Parish Pastoral Council on Responsible Voting
- Founded: 19 October 1991
- Founders: Cardinal Jaime Sin Haydee Yorac Henrietta T. de Villa Gabriel Reyes Bayani Valenzuela
- Type: Non-profit NGO
- Focus: Elections, plebiscites and referendums
- Location: Pope Pius XII Center, United Nations Avenue, Ermita, Manila, Philippines;
- Region served: Nationwide
- Services: Democracy reform in the Philippines
- Fields: Poll watching, advocacy, electoral reforms
- Key people: Myla Villanueva (Chairperson)
- Volunteers: 500,000+
- Website: http://www.ppcrv.org/

= Parish Pastoral Council for Responsible Voting =

Non-profit organization affiliated with the Catholic Church in the Philippines

The Parish Pastoral Council for Responsible Voting (PPCRV) is a non-partisan, non-sectarian non-profit organization affiliated with the Catholic Church in the Philippines that works to ensure free, fair and fraud-free elections in the Philippines.

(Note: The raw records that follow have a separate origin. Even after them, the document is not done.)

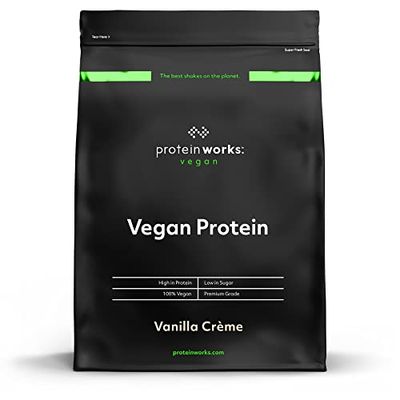 Protein Works - Vegan Protein Powder, Plant Based Protein Shake, Vegan Blend, Gluten Free, 66 Servings, Vanilla Crème, 2 kg
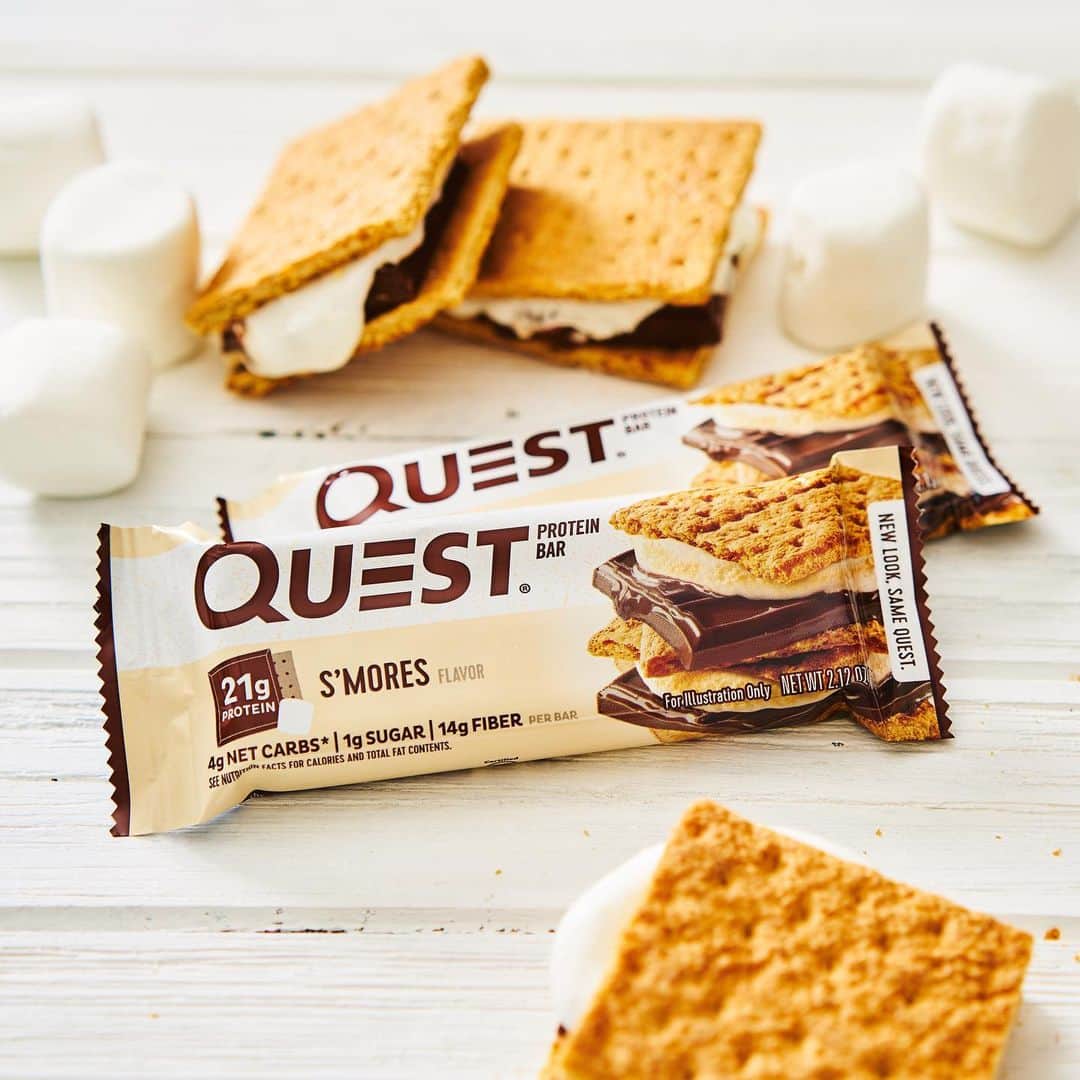 questnutritionさんのインスタグラム写真 - (questnutritionInstagram)「You want s’more of this? #NationalSmoresDay • Get some: 21g protein, 22g carbs (14g fiber), 7g fat (4g net carbs) (1g sugar)」8月11日 3時24分 - questnutrition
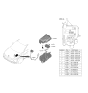Diagram for 2023 Hyundai Genesis GV60 Fuse - 18980-09660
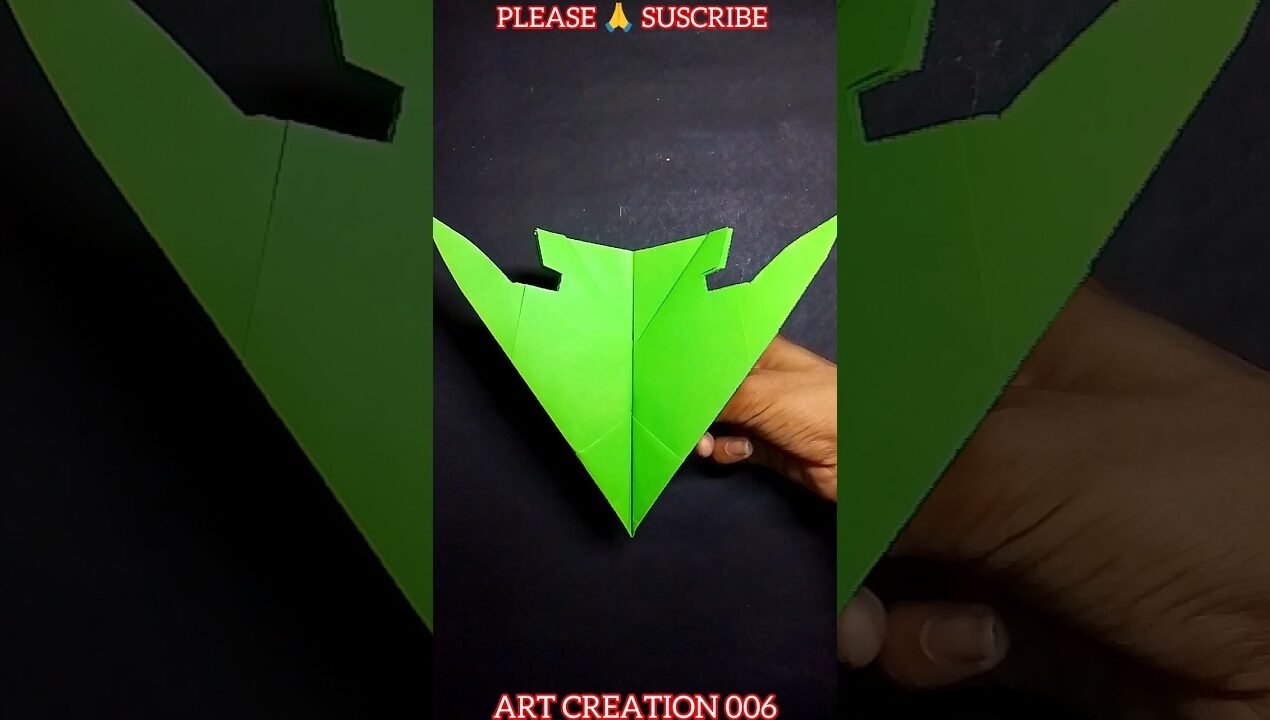 long time flying paper plane easy craft ideas #viralshorts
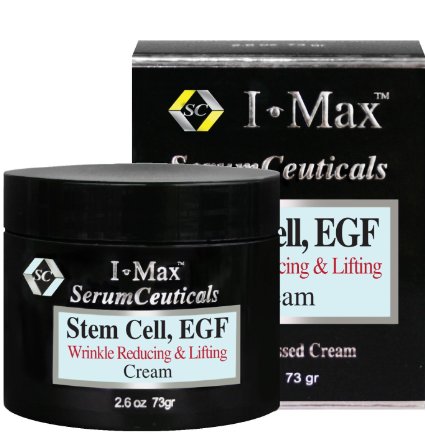 I Max Wrinkle Reducing and Lifting Cream fortified by Stem Cell EGF and Peptides to Boost Collagen Erase Fine Lines Shoal Deep Wrinkles Tighten Flabby Skin and Lift Sagged Skin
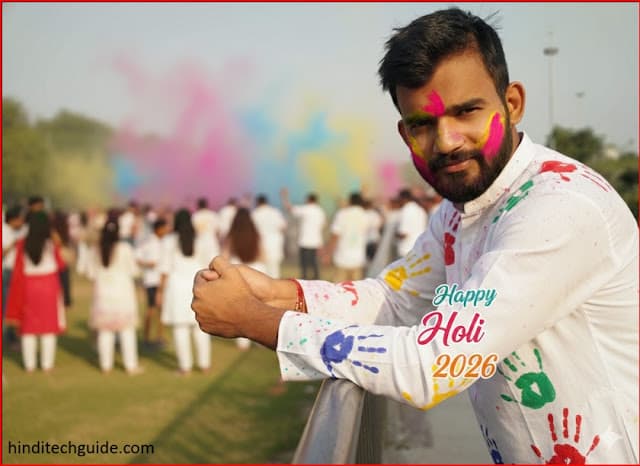 2026 की Holi में Photoshop खत्म! बस Photo Upload करो और AI से बनाओ Viral Holi Image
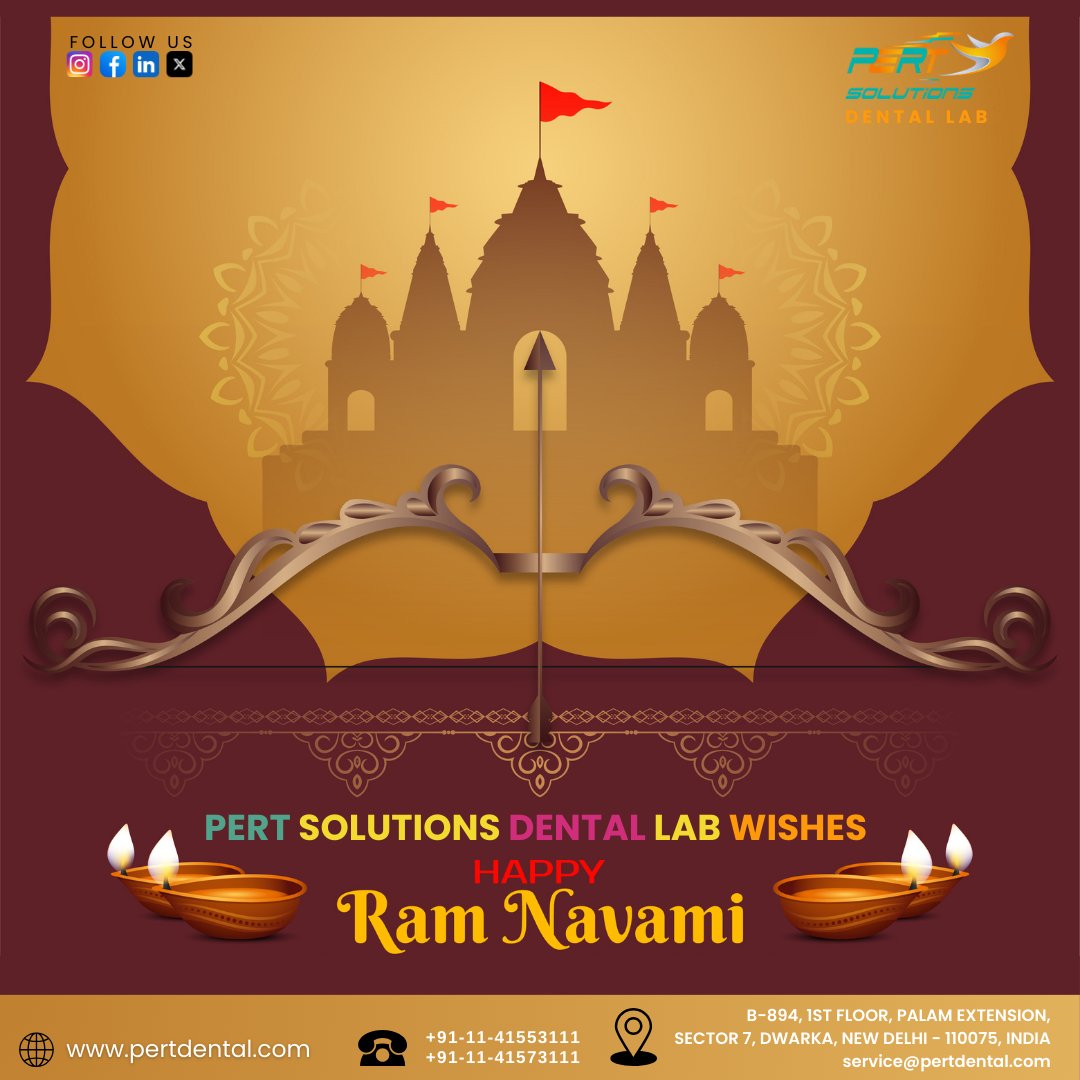 pert_dental's tweet photo. Happy #RAMNavami! On this auspicious occasion, help your patients achieve a healthy, beautiful #smile. By partnering with our state-of-the-art dental lab, you can offer your #patients the best quality #dental solutions.
https://t.co/zXgnGNPMUo
#ShriRam #PertDental #delhi #dentist https://t.co/VtkfnW7mWu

The organization has been the "citizens' arm" of the Commission of Elections (COMELEC) since 2010. PPCRV conducts the Unofficial Parallel Count of returns after the election.

PPCRV's activity includes advocating for electoral reforms, conducting parallel manual auditing in automated elections, coordinating parishes to conduct poll-watching, providing legal assistance related to elections, reporting of electoral violations, providing voters' assistance services, and voters' education.

==History==
The Second Plenary Council of the Philippines, held in February 1991, called for reforms in the conduct of elections in the Philippines. In May 1991, Cardinal Jaime Sin, Archbishop of Manila; Commission on Elections Commissioner Haydee Yorac; then-Laity President Henrietta T. de Villa, Gabriel Reyes, Bayani Valenzuela, and thirty parish lay leaders conceived of the idea of the PPCRV in Mandaluyong. In October 1991, the PPCRV was launched at St. Paul University, Quezon City, with around one thousand laypeople from the parishes of the Archdiocese of Manila. The next month, with the support of the Catholic Bishops' Conference of the Philippines, the PPCRV expanded its operations nationwide.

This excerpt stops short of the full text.